Image-text web data

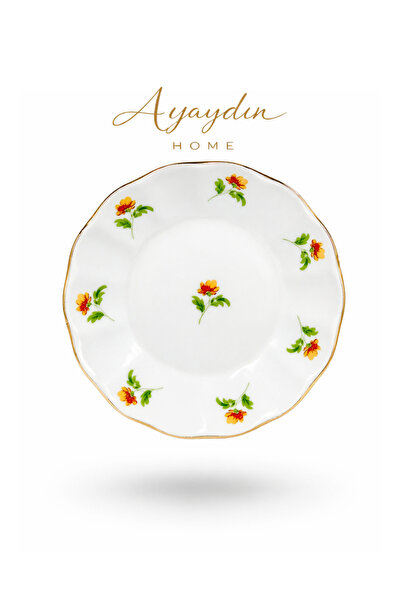 Porland Sarı Çiçekli Çay Tabağı 6’lı – AYAYDIN HOME
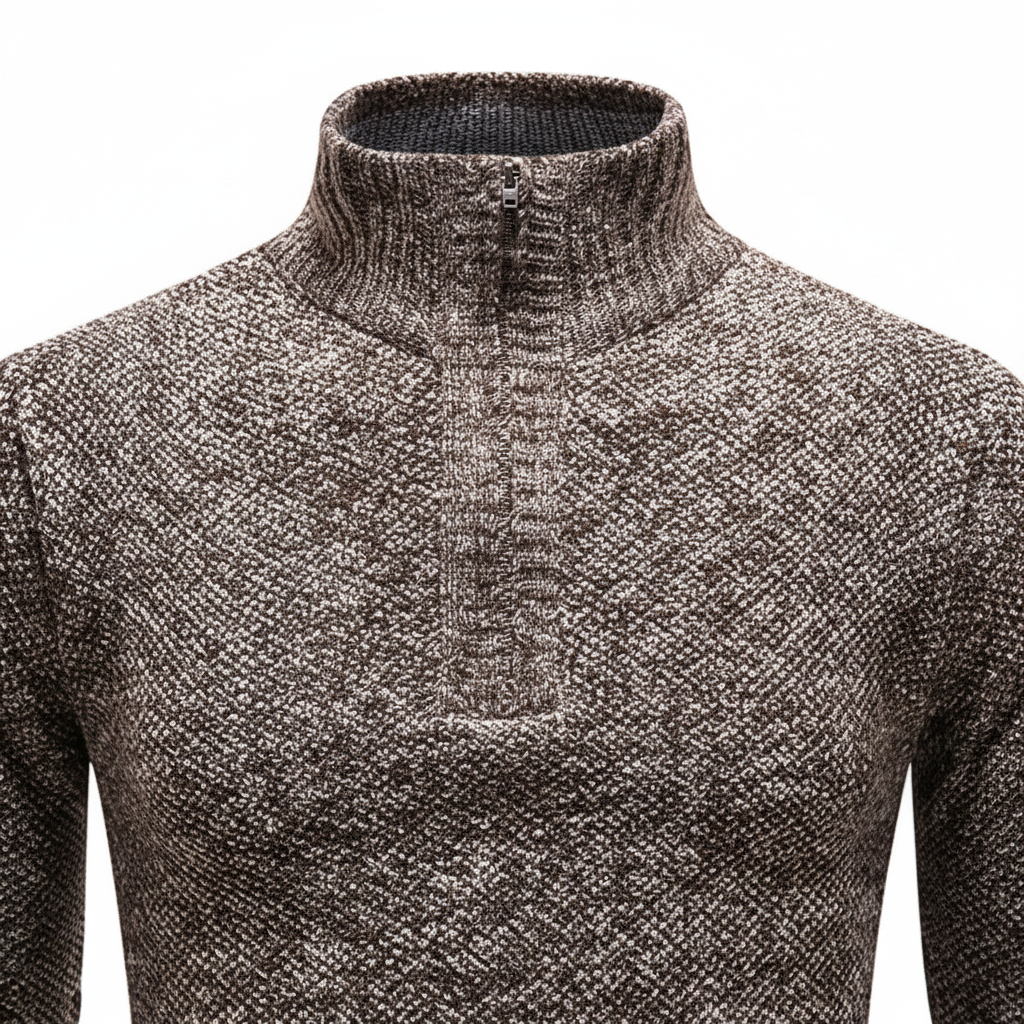Men's Textured Half Zip Sweater with High Collar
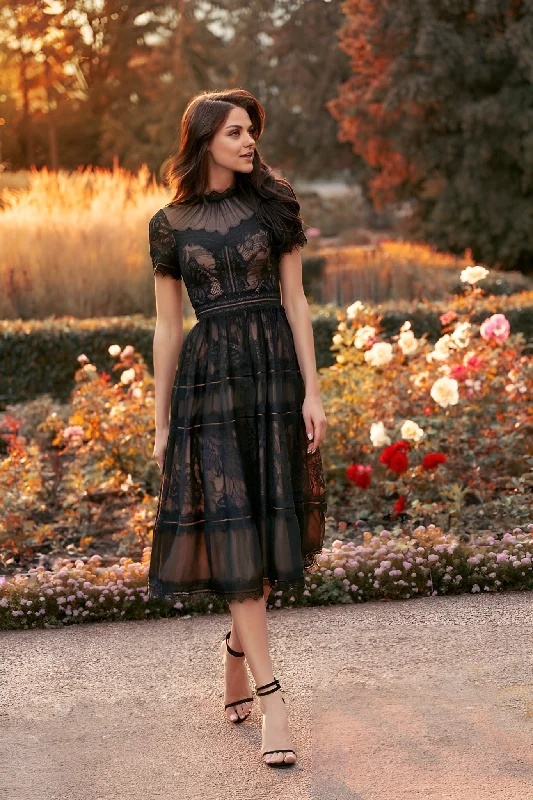 Midi Lace Formal Black Cocktail Dress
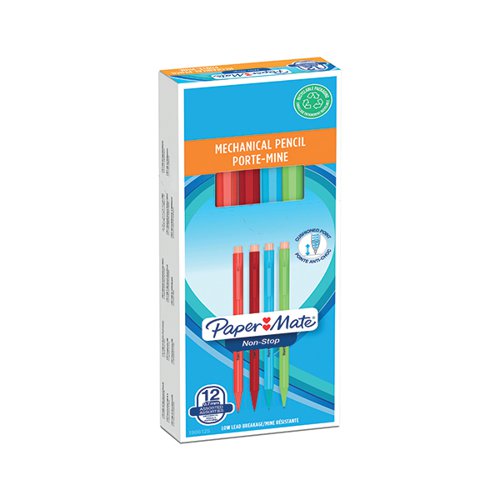 PAPERMATE NON-STOP AUTOMATIC MECHANICAL PENCILS 0.7 HB NEON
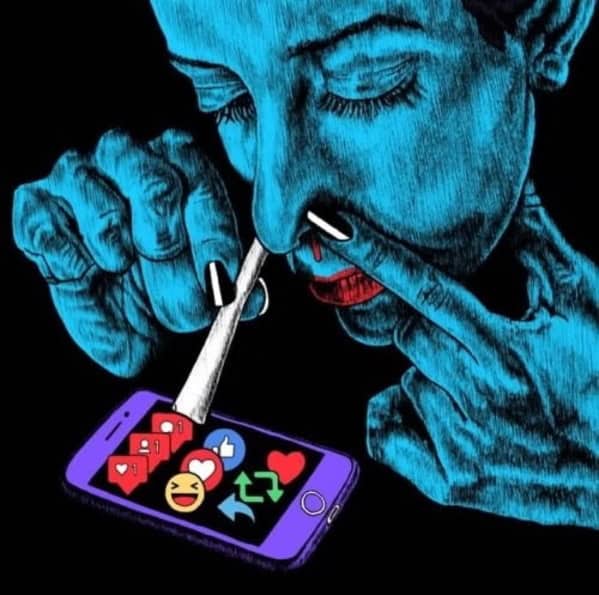 A thought provoking comic depicting a person snorting social media likes from a phone screen like drugs.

### Activity
Each entry above should be printed exactly, and any picture in it left out.

### Exercise solution
 Porland Sarı Çiçekli Çay Tabağı 6’lı – AYAYDIN HOME
Men's Textured Half Zip Sweater with High Collar
 Midi Lace Formal Black Cocktail Dress
 PAPERMATE NON-STOP AUTOMATIC MECHANICAL PENCILS 0.7 HB NEON
 A thought provoking comic depicting a person snorting social media likes from a phone screen like drugs.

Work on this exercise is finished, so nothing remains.